Sunday, November 26, 2006

Damn Stove

I hate an electic stove. Just hate them.

Can't cook on the damned things, because I can't see the fire.

Naturally, I live in an all-electric house.

damn, damn, double-damn.

I want to cook some ham-beans. It's an easy recipe. You take a pound of dried white beans, either great northerns, baby limas, or big limas, and you boil them for ten minutes, then simmer them for three or four hours with chopped ham till tender. It's a recipe as old as the hills and people have been cooking ham beans since man learned to dry beans and smoke ham. It's folk food. Of course, it goes without saying that some spices help. Like onion and bell pepper and salt and black pepper. This ain't a recipe, it's a rant. Damned stove.

And over the years, I've cooked hundreds, ney, thousands of pounds of dried beans, and simmering is crucial. And I can't get this damned stove to simmer. It's either a rolling boil, or nothing. I've been fighting it for two hours now, and it may be getting ready to simmer. I'm not sure.
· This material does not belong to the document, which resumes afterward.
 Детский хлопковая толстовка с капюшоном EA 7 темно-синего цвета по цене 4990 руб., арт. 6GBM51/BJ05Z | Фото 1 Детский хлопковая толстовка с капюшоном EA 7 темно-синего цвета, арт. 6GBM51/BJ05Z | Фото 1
With a gas stove, I'd lean over and look at the flame, adjust it to a quarter inch and go to another project, secure in the knowledge that the beans would simmer. Not with this damned electric stove. It's got ten settings and none of them will give me a simmer. I get a rolling boil or nothing.

I've cooked ham beans on campouts, with camp stoves and on open fires. I've cooked them on gas stoves and big commercial galleys. Everywhere but on this sorry, non-adjusting, no flame, excuse for cooking, electric stove.

Its enought to make you throw your hat in the creek.

7 comments:

Anonymous said...

I think something like this might help? The link is just an example. I've seen similar types that probably work just as well?

Anonymous said...

I'll second the hate on the electric stoves. For the critical stuff, I'll break out the Coleman stove with the propane converter and cook on that. I cooked all my meals on a single burner propane stove (and a microwave) for well over a year on a single standard grill sized propane tank, so I've got that setup available if ever I have problems with my now all electric house.

For the beans, however, I've gotten downright lazy. I skip the soaking and i don't worry about hard water either, because I just do 'em in the pressure cooker. Most every kind of beans you want cook down to soft from the dried state in about 45 minutes.

Anonymous said...

The ideal stove is the socalled "Duel Fuel" stoves, where you have a gas(either natural or LPG) burners, and an eletric oven - you already know about the failings of eletric burners, but gas ovens aren't great either - they don't provide the precise temperature control that eletrics can with a thermocouple and microcontroller.

Anonymous said...

I've been looking at those types of stoves. Did not know they were called "duel fuel" I figured that the stove itself would burn for months from a standard propane bottle that I could store on the deck, and although I'm not so worried about keeping a constant temp in the oven, at least there, electric is not a drawback.

It is my understanding that most gas appliances will convert easily to propane with a simple reversal of some kind of regulator part. Plumbing for propane can't be that hard.

Anonymous said...

Well said, sir!

HollyB said...

I can give you a great big loud AMEN! I,too, hate cookin' on an electric stove top. I have a gas stove at home, but when I go visit my Mom and cook for her, I always take my Calphalon. It's the only way to comopensate for her electric cooktop. The anodized surface spreads the heat evenly throughout the cookware. She thinks I'm weird for brinking my own pots and skillets, but then I've always been the oddball in the fam.
If you can't put in a "dual fuel" stove, try some Calphalon. It's expensive, but look for it on sale, or in a garage sale, it's worth the price!
That's a good bean recipe, btw. I'd leave out the bell peppers, just cause I don't like them. Otherwise they sound yummy. I'll bring the cornbread.

Anonymous said...

If you plan to live in that house for many years, you need a stove top you like. Go visit your local Propane dealer. They might install it.